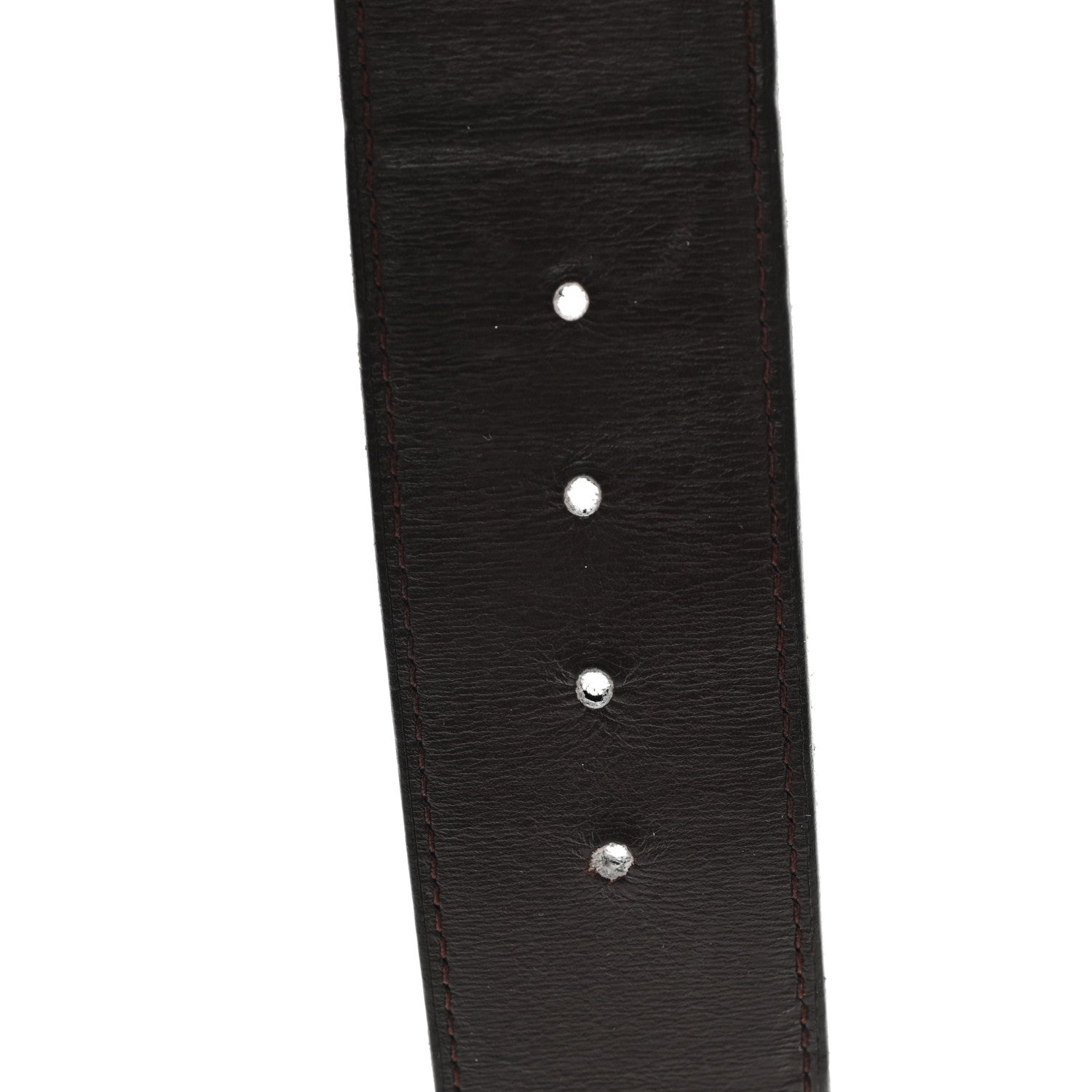 Hermes Box Swift 42mm Constance H Belt 100 40 Black Chocolate 4 of 5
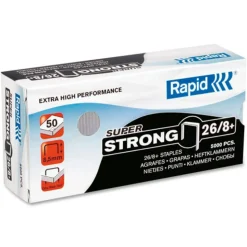 Rapid High-Capacity Galvanized Staples, 5/16
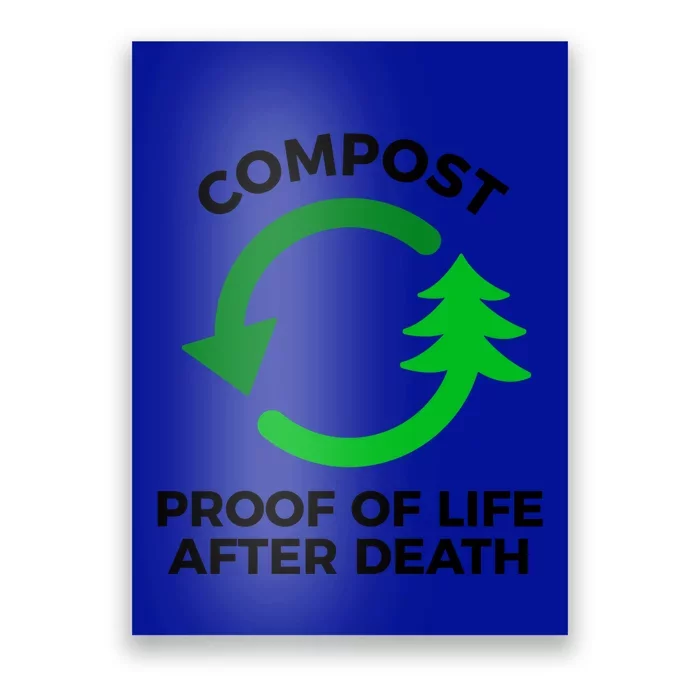 Compost Proof Of Life After Death Composting Gift Poster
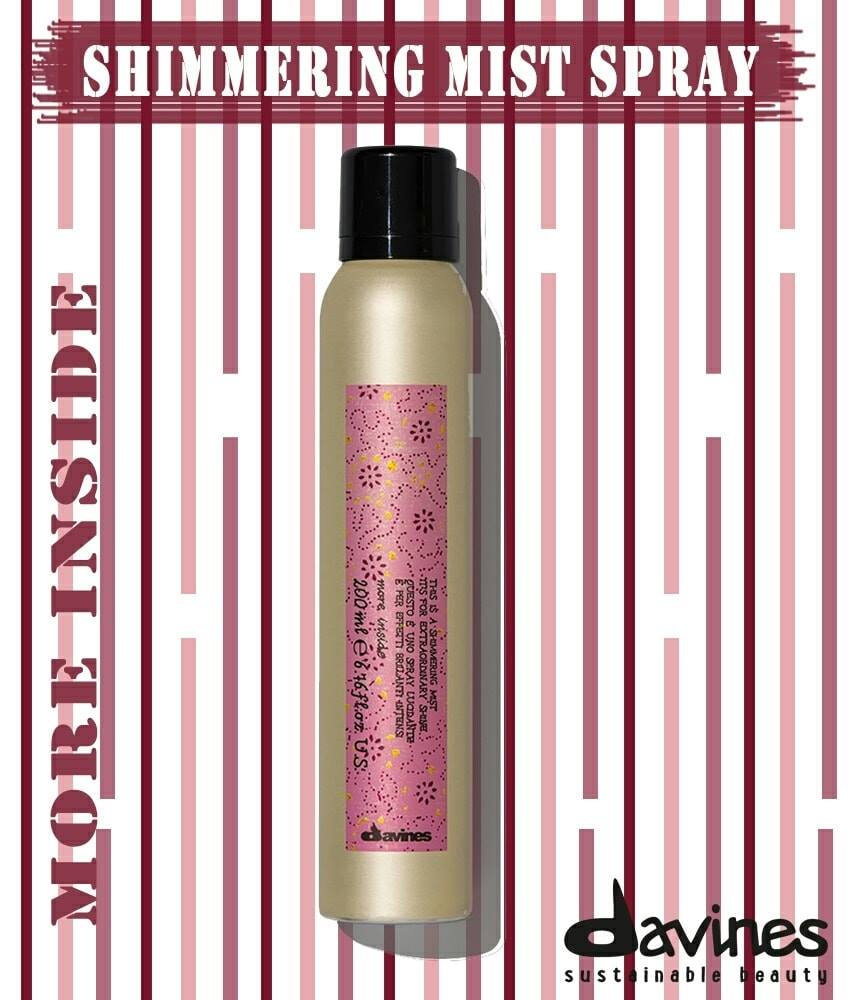 Gôm xịt tóc Davines Shimmering Mist -200ml, tăng cường độ sáng, bóng cho tóc 200ml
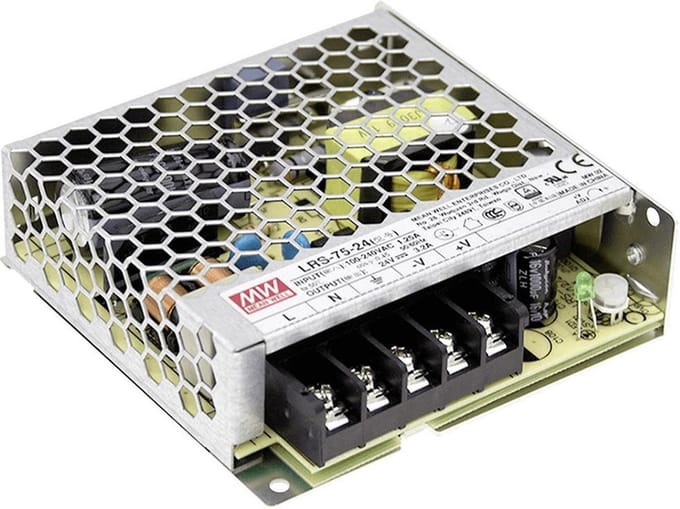 Mean Well professionele voeding 24V 75W LRS-75-24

◆ EXERCISE PROMPT
Would you write out each record above exactly, with no images?

◆ SOLUTION TO THE PROBLEM
 Hermes Box Swift 42mm Constance H Belt 100 40 Black Chocolate 4 of 5
 Rapid High-Capacity Galvanized Staples, 5/16
 Compost Proof Of Life After Death Composting Gift Poster
 Gôm xịt tóc Davines Shimmering Mist -200ml, tăng cường độ sáng, bóng cho tóc 200ml
 Mean Well professionele voeding 24V 75W LRS-75-24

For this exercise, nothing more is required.